How to calculate Contribution Margin:
Selling Price – Cost of Ingredients = Contribution Margin
7. Gross Profit & Gross Profit Margin
Gross Profit represents the money your restaurant or chain makes after deducting the cost of goods sold. It can be showed as a number or a percentage of total revenue (margin). This metric represents the capital available to put towards paying fixed expenses like rent, labor, and other overhead expenses as well as any additional net profits. When used as a key performance indicator, most restaurants aim for a gross profit margin of around 70%.
How to calculate Gross Profit & Gross Profit Margin:
Total Revenue – CoGS = Gross Profit
(Gross Profit / Total Revenue) x 100 = Gross Profit Margin
8. Net Profit Margin
Your Net Profit represents the money your restaurant or chain makes after accounting for all operating costs, including CoGS, Labor Cost, and overhead expenses like rent, equipment, and utilities. While any profit and all profit is cause to celebrate and averages vary by concept, about 6% is the industry-wide average Net Profit Margin.
Proving profitability with this metric can help to set goals, plan growth and expansion, or secure investors.
How to calculate Net Profit Margin:
(Gross Sales – Operating Expense) / Gross Sales = Net Profit Margin
Note: (Gross Revenue – Operating Expenses) is often referred to as Net Income. So, Net Profit Margin can also be calculated as: Net Income / Gross Sales = Net Profit Margin
9. Average Cover (Restaurant Revenue per Seat)

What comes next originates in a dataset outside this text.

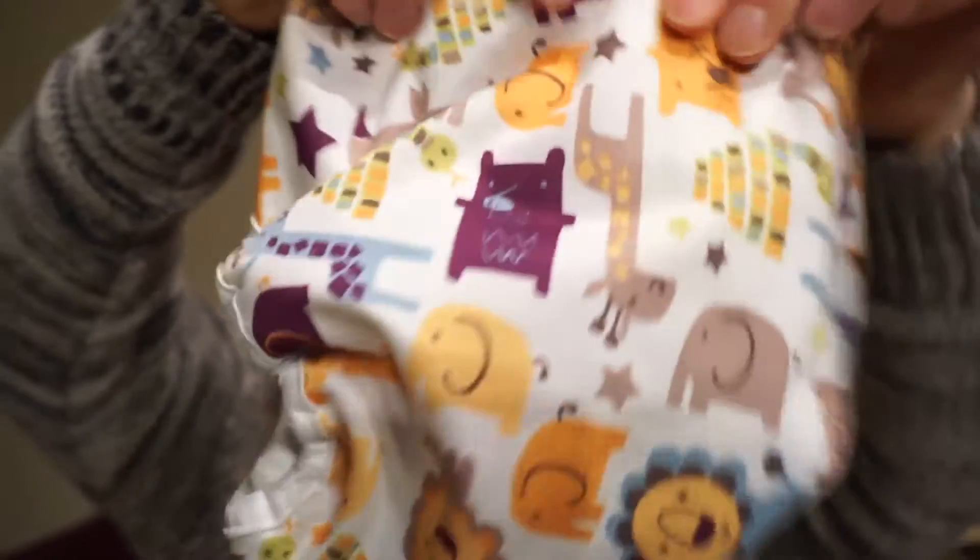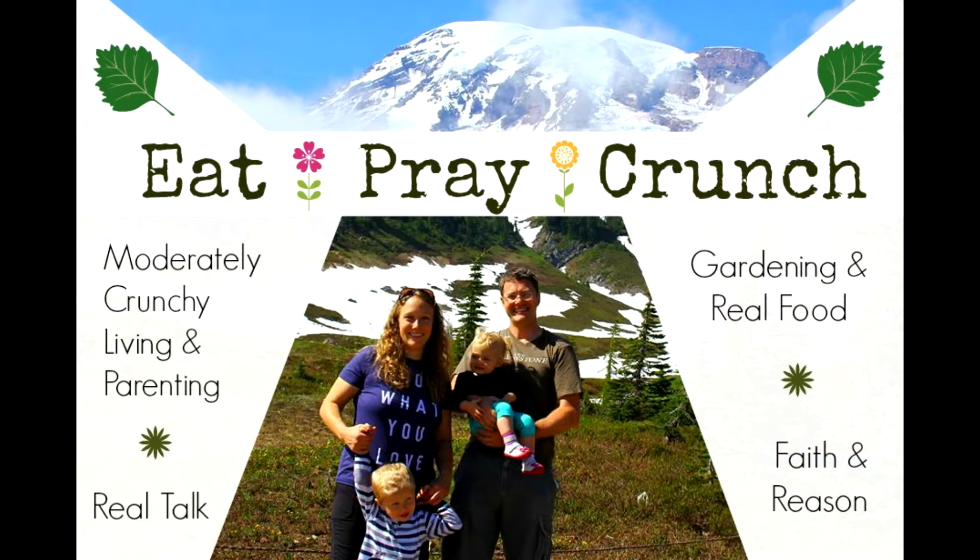It's got little jungle animals all over it — I think it's so cute. I don't have this print, so I'm really excited about this one. Hi guys, it's Amanda with Eat, Pray, Crunch, and today I am doing another cloth diapering video.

Average Cover (also known as Restaurant Revenue per Seat) measures the average amount a single customer spends at your restaurant or chain. This metric can inform managers and executives how effective staff is at maximizing sales through upselling, regardless of section size or turnover rate. Average Cover can also be used to predict and forecast sales by combining with average headcount.
How to calculate Average Cover:
Total Sales / Number of Covers = Average Cover
10. Revenue per Square Foot (Sales per Square Foot)
Sales volume is the most reliable indicator of a restaurant’s potential for profit, and a useful way to look at sales volume is through the ratio of sales to square foot. Average Revenue per Square Foot, also known as Sales per Square Foot, compares sales volume for any period of time to total interior square footage including kitchen, dining room, storage, restrooms, etc. This is usually equal to the net rentable square footage in a leased space. In most cases, full service restaurants should average at least $150 per square foot, while limited service restaurants should average at least $200 per square foot. High profit restaurants can easily double those sales metrics.
Revenue per square foot tells you how efficiently you’re generating sales, which can be used to showcase your potential for expanding your restaurant or adding another location.
How to calculate Revenue per Square Foot:
Sales / Square Foot = Sales per Square Foot
The Bottom Line: We Need to Go Deeper
The above metrics are just a starting point for restaurant operators. While most of these metrics can be calculated manually or reported through a modern POS system, digging deeper into the details of your business can provide true insight and deliver deeper value.
When it comes to optimizing sales and labor efficiency, analyzing performance in near real-time, and automatically flagging suspicious behavior, the basics simply won’t cut it. Modern Data Analytics solutions allow you and your team to view performance in a new light.